__Excerpted data__
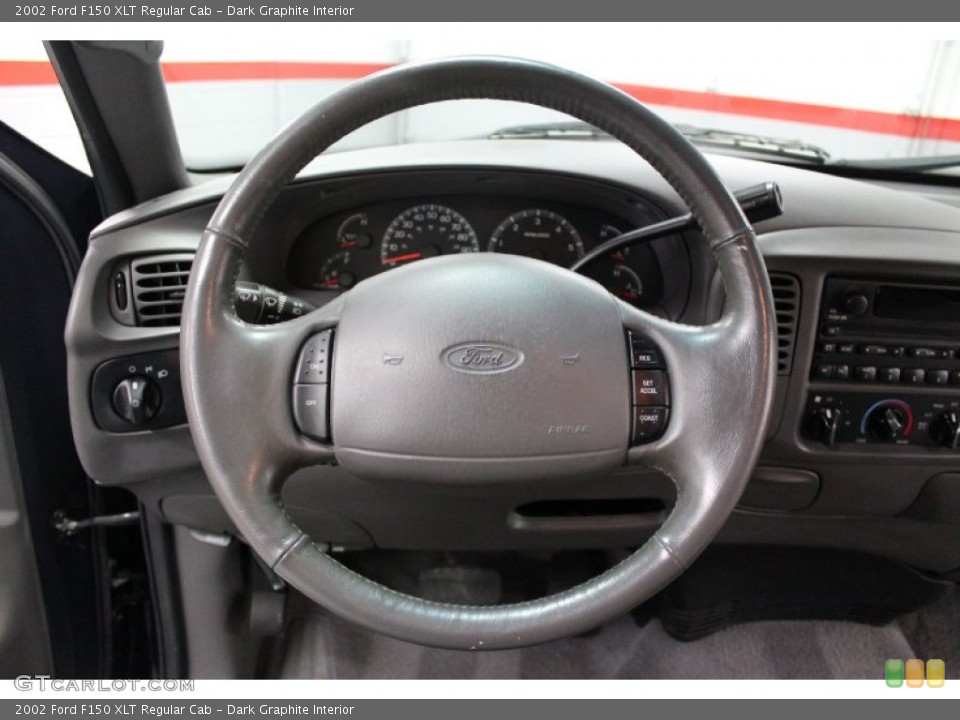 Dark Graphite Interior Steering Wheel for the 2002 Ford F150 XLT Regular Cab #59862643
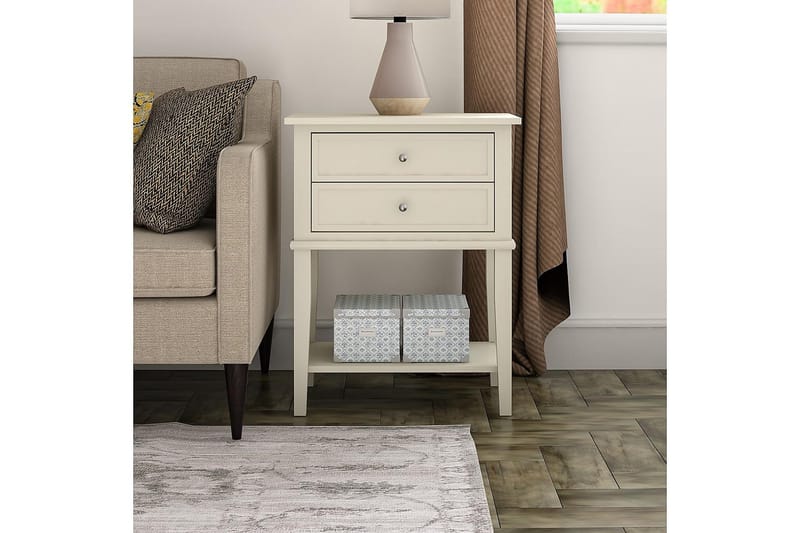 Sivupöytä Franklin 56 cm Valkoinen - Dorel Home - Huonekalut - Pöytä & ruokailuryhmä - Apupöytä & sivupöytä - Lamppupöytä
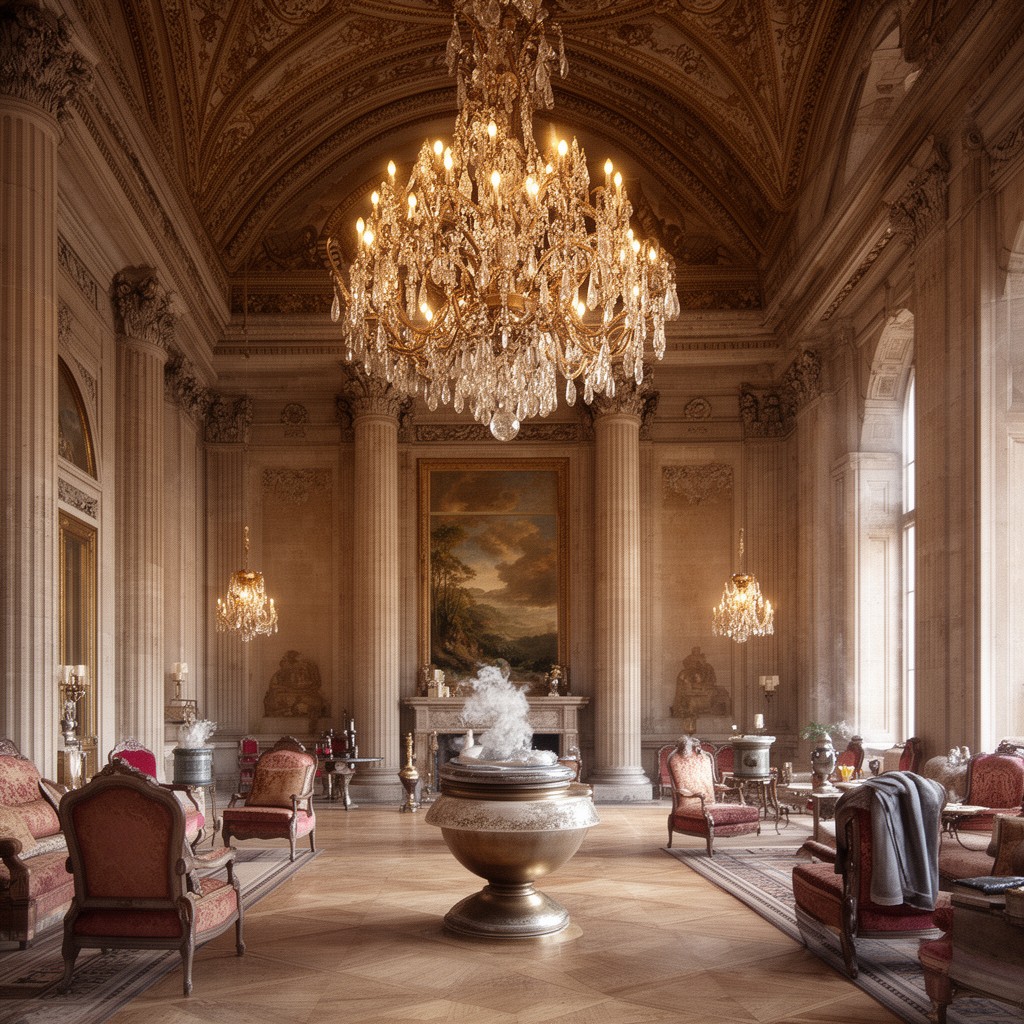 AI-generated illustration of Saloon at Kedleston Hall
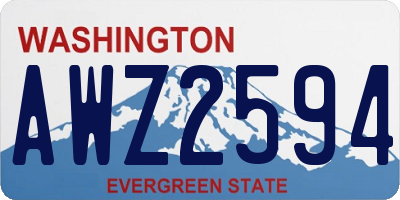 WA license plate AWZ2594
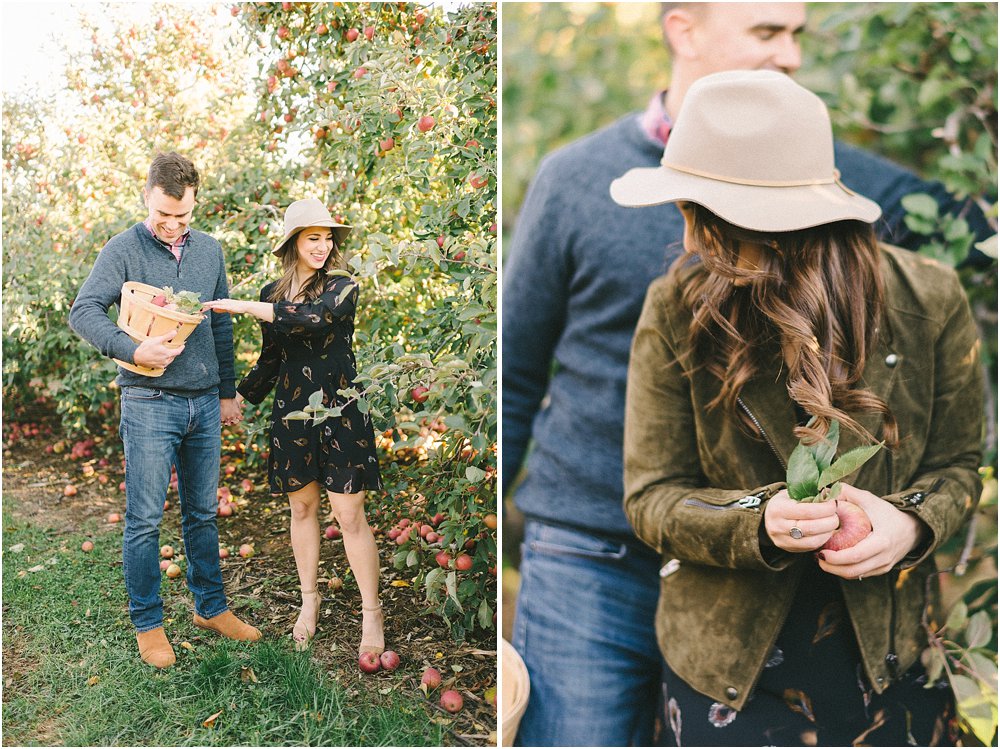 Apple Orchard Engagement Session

__Brief__
If an entry above contains a picture, leave that picture out and copy everything else exactly.

__Written answer__
 Dark Graphite Interior Steering Wheel for the 2002 Ford F150 XLT Regular Cab #59862643
 Sivupöytä Franklin 56 cm Valkoinen - Dorel Home - Huonekalut - Pöytä & ruokailuryhmä - Apupöytä & sivupöytä - Lamppupöytä
 AI-generated illustration of Saloon at Kedleston Hall
 WA license plate AWZ2594
 Apple Orchard Engagement Session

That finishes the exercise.